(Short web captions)
* * * * *

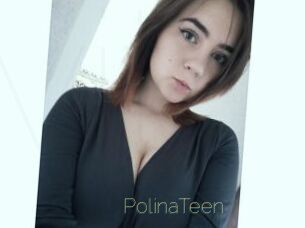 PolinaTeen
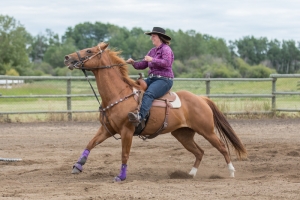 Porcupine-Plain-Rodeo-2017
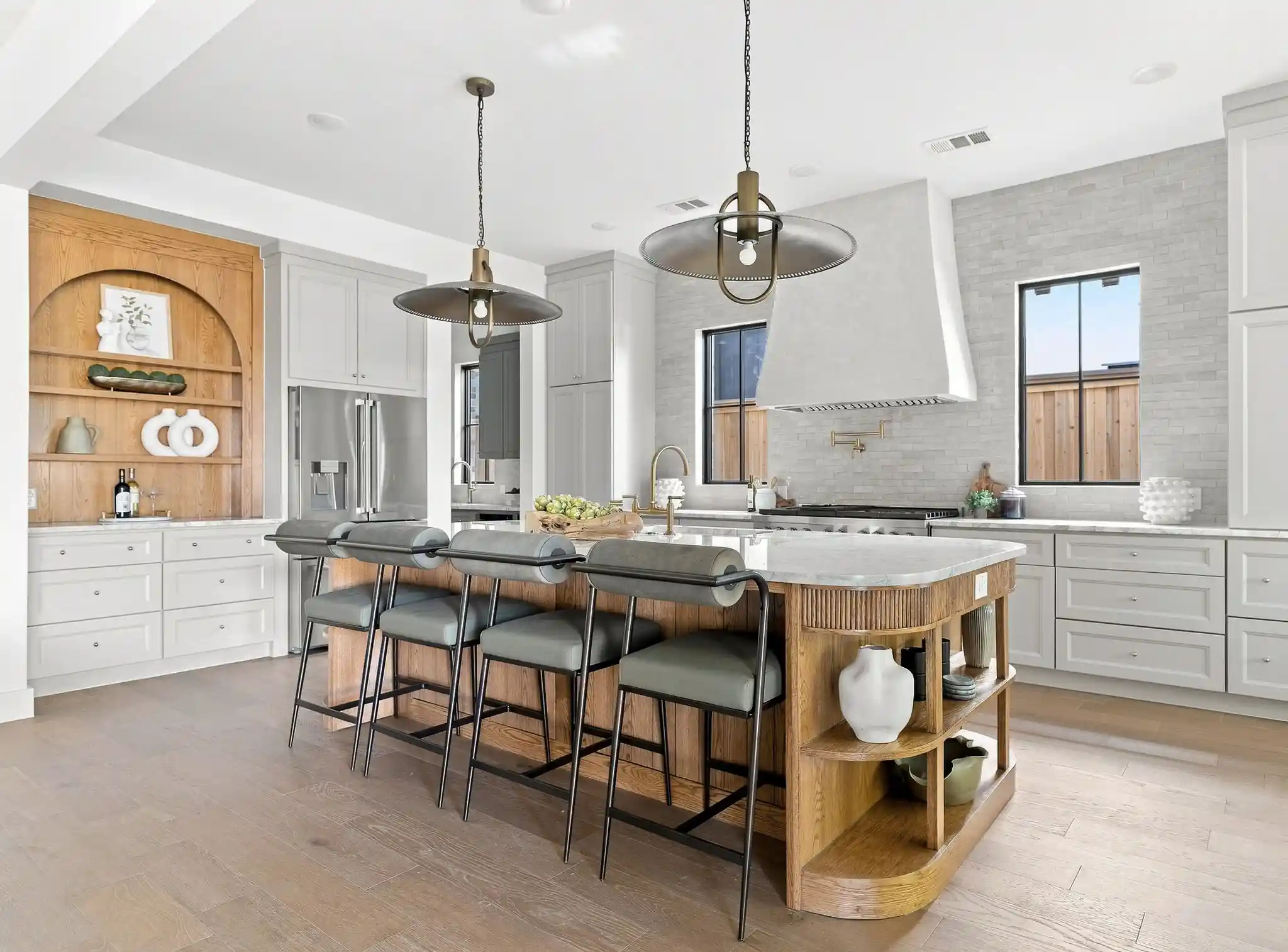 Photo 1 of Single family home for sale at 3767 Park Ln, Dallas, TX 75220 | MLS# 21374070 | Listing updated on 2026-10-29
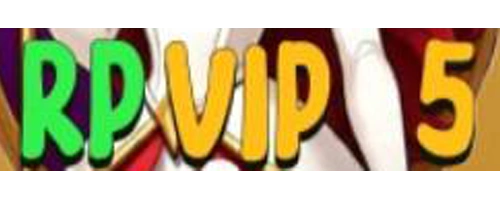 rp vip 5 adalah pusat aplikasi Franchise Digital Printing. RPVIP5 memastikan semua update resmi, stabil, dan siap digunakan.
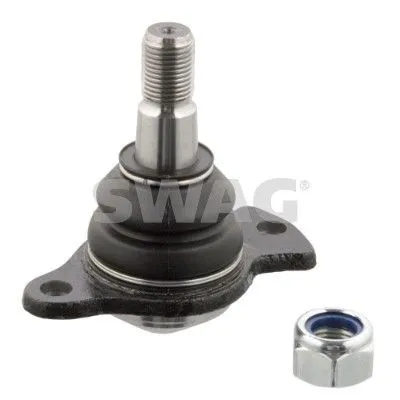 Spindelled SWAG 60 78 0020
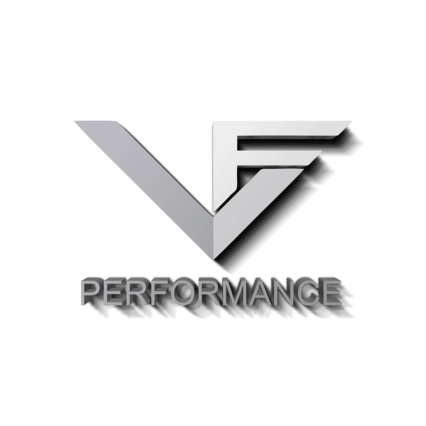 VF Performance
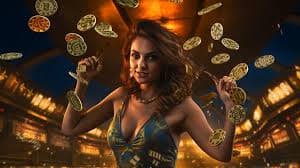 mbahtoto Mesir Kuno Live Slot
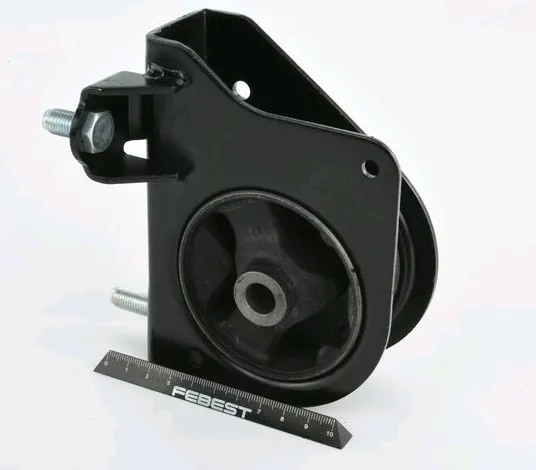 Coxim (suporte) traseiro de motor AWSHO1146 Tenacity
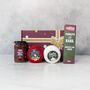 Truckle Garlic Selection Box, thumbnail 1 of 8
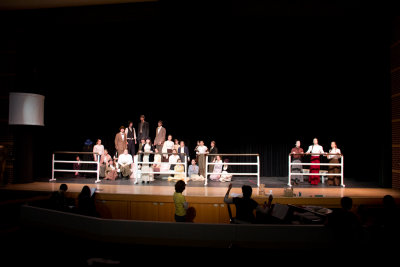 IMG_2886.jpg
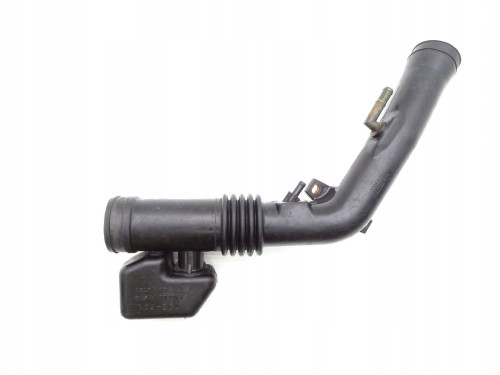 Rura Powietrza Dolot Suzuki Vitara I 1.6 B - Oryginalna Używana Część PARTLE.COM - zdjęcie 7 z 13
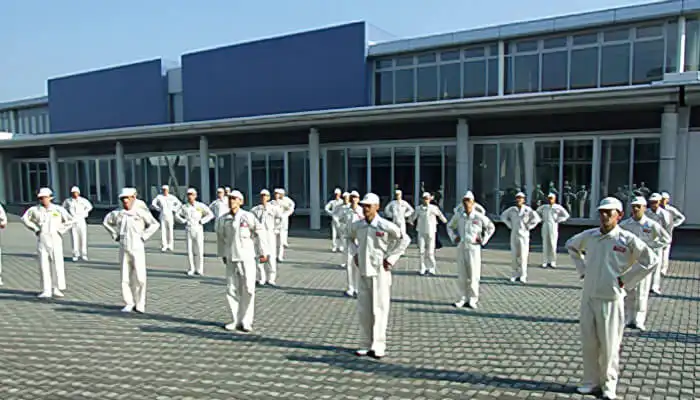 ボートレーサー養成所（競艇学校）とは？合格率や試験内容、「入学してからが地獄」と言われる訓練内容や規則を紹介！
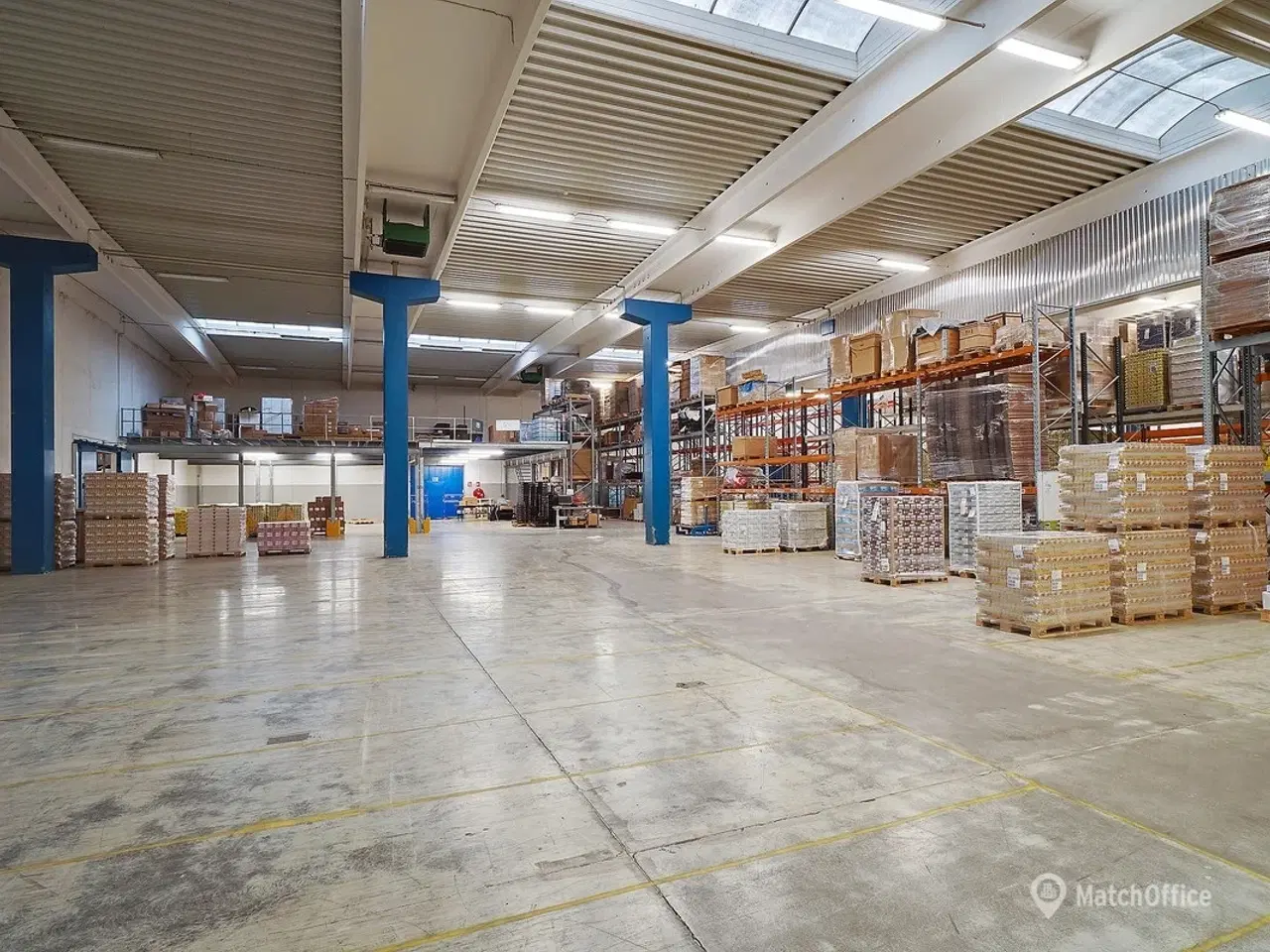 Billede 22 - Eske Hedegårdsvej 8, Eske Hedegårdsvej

* * * * *

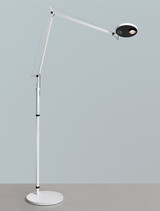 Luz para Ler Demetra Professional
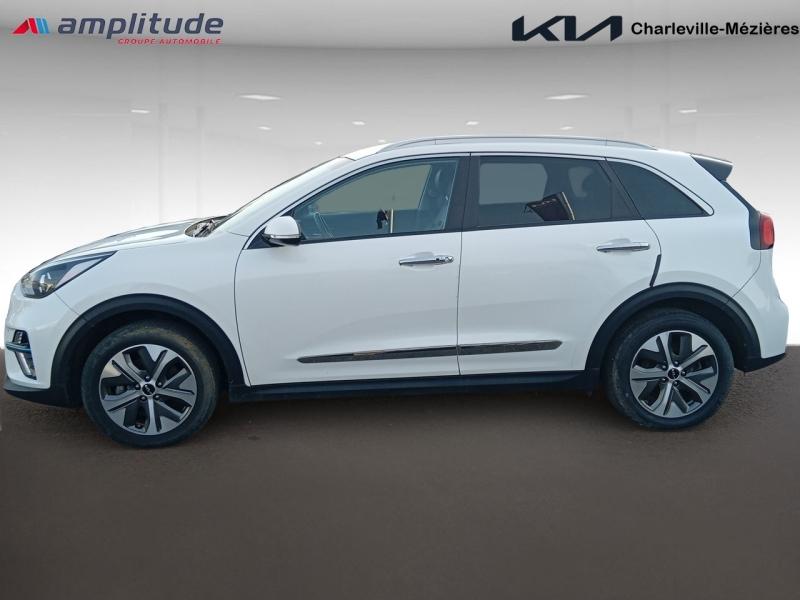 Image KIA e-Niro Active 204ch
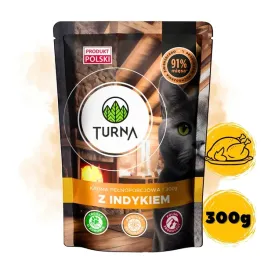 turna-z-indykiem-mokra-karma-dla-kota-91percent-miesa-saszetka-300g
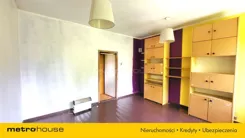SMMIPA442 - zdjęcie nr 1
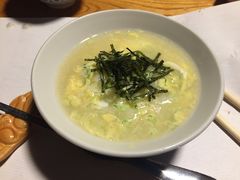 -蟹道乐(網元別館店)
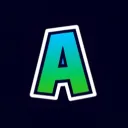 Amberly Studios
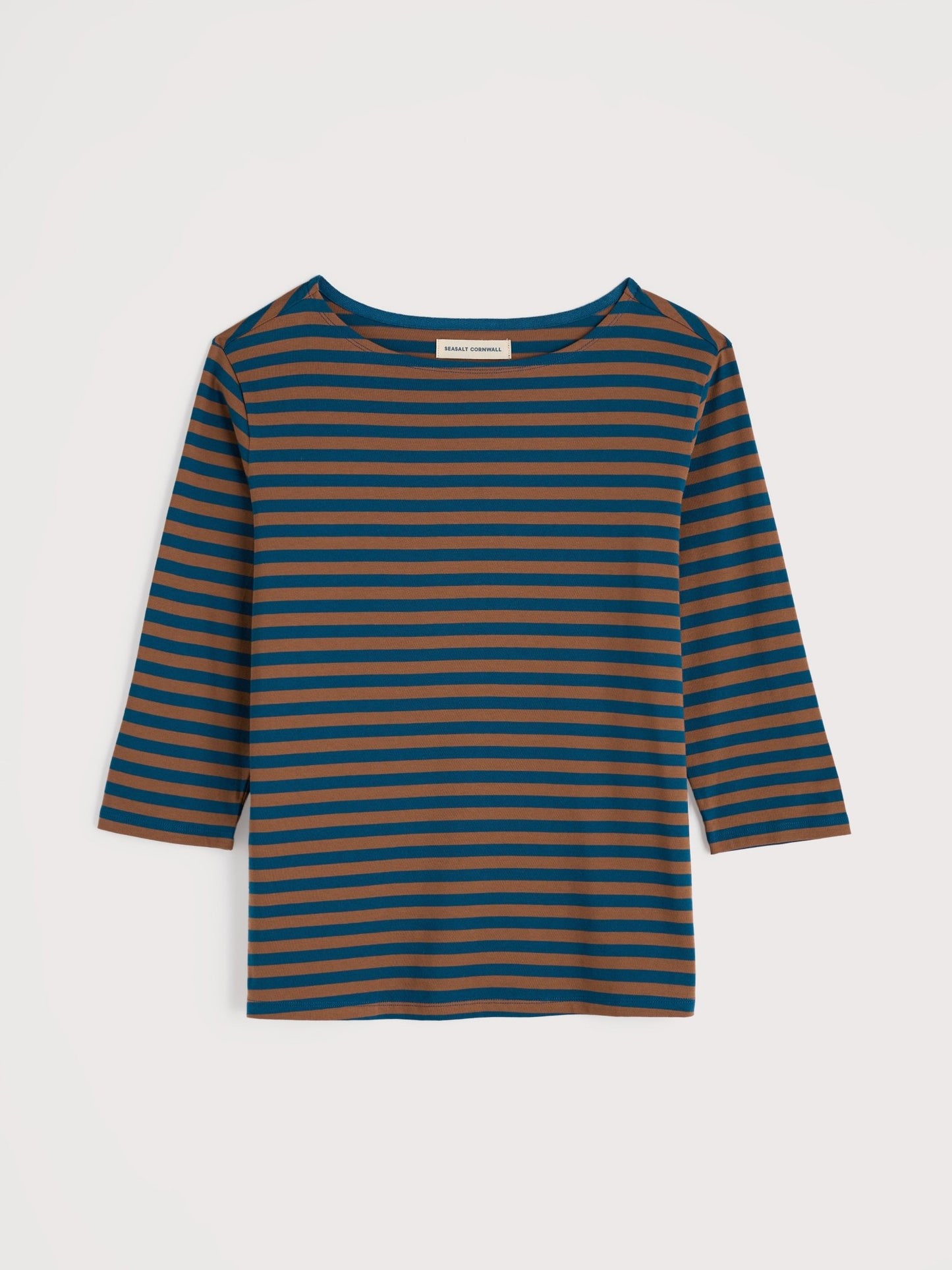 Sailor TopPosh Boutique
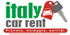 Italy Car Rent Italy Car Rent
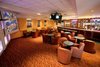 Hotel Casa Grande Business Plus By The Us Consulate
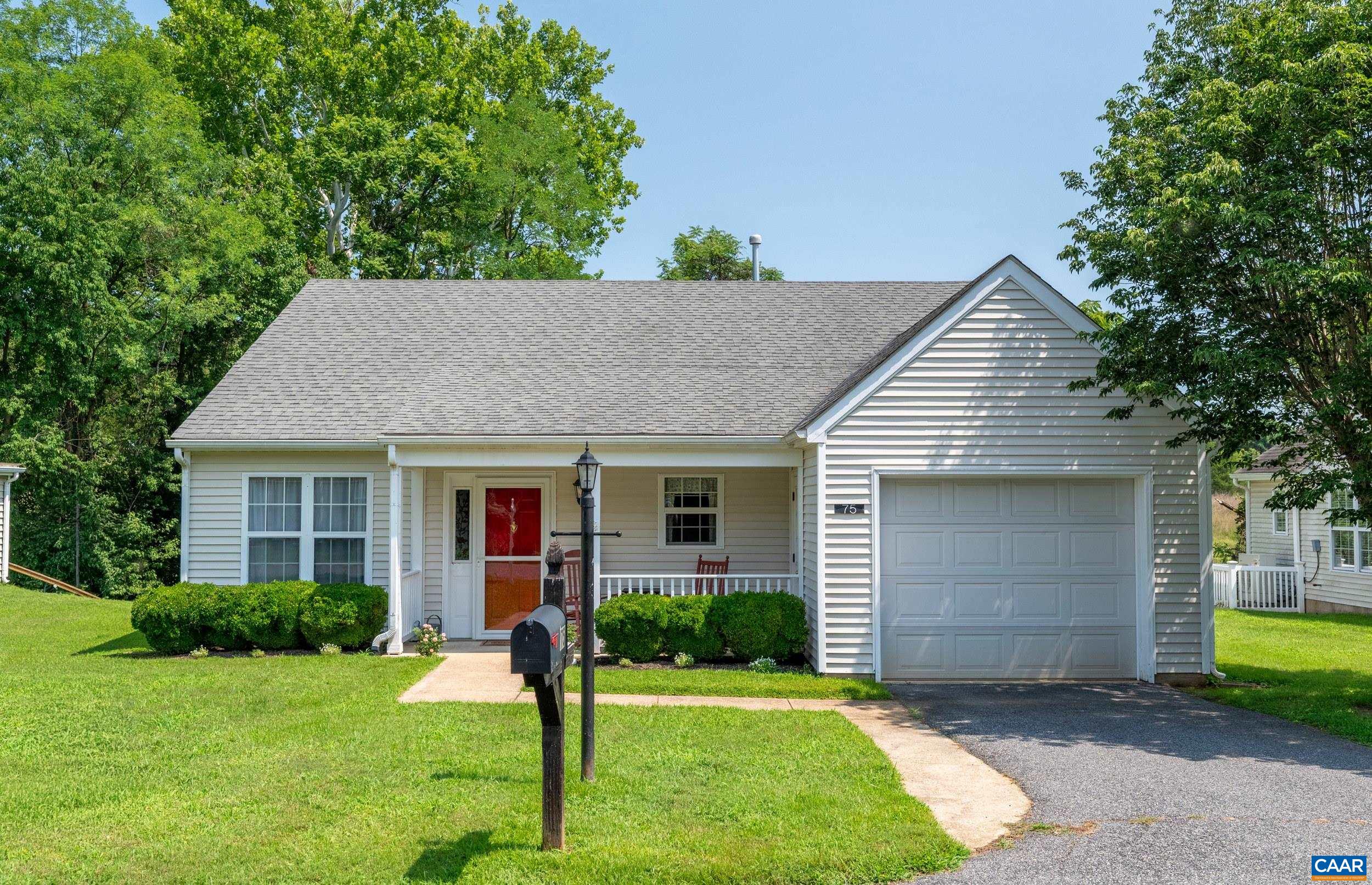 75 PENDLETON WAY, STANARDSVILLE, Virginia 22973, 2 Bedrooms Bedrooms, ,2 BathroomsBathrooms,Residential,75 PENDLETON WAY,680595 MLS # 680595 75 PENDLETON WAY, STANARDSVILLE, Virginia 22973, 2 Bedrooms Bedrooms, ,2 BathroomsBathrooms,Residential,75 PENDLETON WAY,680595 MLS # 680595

* * * * *

**TASK REQUIREMENTS**
Output exactly those lines of the data above that run from the line with "-蟹道乐(網元別館店)" up to and including the line with "# 680595 75". No pictures go in.

**SOLUTION TO THIS TASK**
 -蟹道乐(網元別館店)
 Amberly Studios
 Sailor TopPosh Boutique
 Italy Car Rent Italy Car Rent
 Hotel Casa Grande Business Plus By The Us Consulate
 75 PENDLETON WAY, STANARDSVILLE, Virginia 22973, 2 Bedrooms Bedrooms, ,2 BathroomsBathrooms,Residential,75 PENDLETON WAY,680595 MLS # 680595 75 PENDLETON WAY, STANARDSVILLE, Virginia 22973, 2 Bedrooms Bedrooms, ,2 BathroomsBathrooms,Residential,75 PENDLETON WAY,680595 MLS # 680595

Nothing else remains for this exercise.